教育ICTリサーチ ブログ

学校/教育をFuture Readyにするお手伝いをするために、授業(授業者+学習者)を価値の中心に置いた情報発信をしていきます。

守谷市立守谷中学校 授業レポート(2023年3月16日)

 2023年3月16日に茨城県守谷市立守谷中学校を訪問し、羽富圭吾 先生が担当する2年2組の英語の授業を参観させていただきました。この日は、羽富先生とALTのDontae Huskey(Tai)先生とTyler Spiess先生の3名で授業を行っていました。

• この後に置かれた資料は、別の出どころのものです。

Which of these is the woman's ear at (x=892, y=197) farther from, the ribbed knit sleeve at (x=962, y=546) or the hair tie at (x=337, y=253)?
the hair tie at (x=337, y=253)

 授業は第2学年のNEW HORIZON2のUnit2 Foods Travels around the Worldの単元で、学習者用デジタル教科書や1人1台端末などのICT機器を効果的に活用した授業を行っていました。まず、学習者用デジタル教科書のPoint of viewのページを大型電子黒板に映し、3人の先生がその4つのメニューの中でどれが好きかを話し合う「Small Talk」から始まりました。3人の先生の会話の中で、“Which do you like of the four?”という質問と、“I like sushi, because…”という答えの表現を、生徒たちはくりかえし聴くことができていました。
 羽富先生とALTの先生の会話を聴いた後で、今度は生徒たちがTai先生から“Which do you like of the four?”と質問されました。そのメニューを好きな理由も続けて質問されます。Tai先生が会話をリードしながら、楽しそうに英語を話しているのが印象的でした。
 その後で、全員がiPadを持って立って、隣の人とペアになって1分間、学習者用デジタル教科書のページに載っているメニューの写真を見せながら、“Which do you like of the four?”という質問をし、その質問に答えて理由を言うSmall Talkをしました。
 この日の授業のゴールは、「好きな食べ物や好きではない食べ物を外国の人や友達に紹介する」でした。羽富先生とTai先生は、そのためにALTにお気に入りの給食を紹介しましょうと言います。

 好きな食べ物や好きではない食べ物を外国の人や友達に紹介するために、一人1台のiPadを使って学習者用デジタル教科書を開き新出単語をレビューしていきます。
 イヤホンを使って学習者用デジタル教科書を活用しているので、一人ずつ自分のペースで単語の発音を聴き、意味を確認していくことができます。難しい発音の単語を何度も聴き直すことができ、自分の聴きやすさにあわせて読み上げのスピードを変えることも可能です。

 単語のレビューが終わると、教科書の本文が読み上げられるのを聴きながら、同じように英語の文章を発音していくシャドウイングを行います。読み上げに沿って文章の色が変わっていくので、どこを読んでいるのかがわかります。
 ここでも、読み上げのスピードを自分で変えることができます。CDの音声をみんなで一緒に聴く授業の形式ではこうしたことはできません。学習者用デジタル教科書を一人1台の環境で使えるからこそ、生徒一人ひとりが自分の習熟度に合わせて、自分で練習できるようになっています。

 次に、教科書の本文を読んで、Key Information(重要な情報)が書かれている部分に画面上で線を引いていきます。好きなメニューとしてナポリタンと寿司が紹介されている本文を読んで、ナポリタンについてのKey Informationの部分に赤の線、寿司についてのKey Informationの部分に青の線を引いていきます。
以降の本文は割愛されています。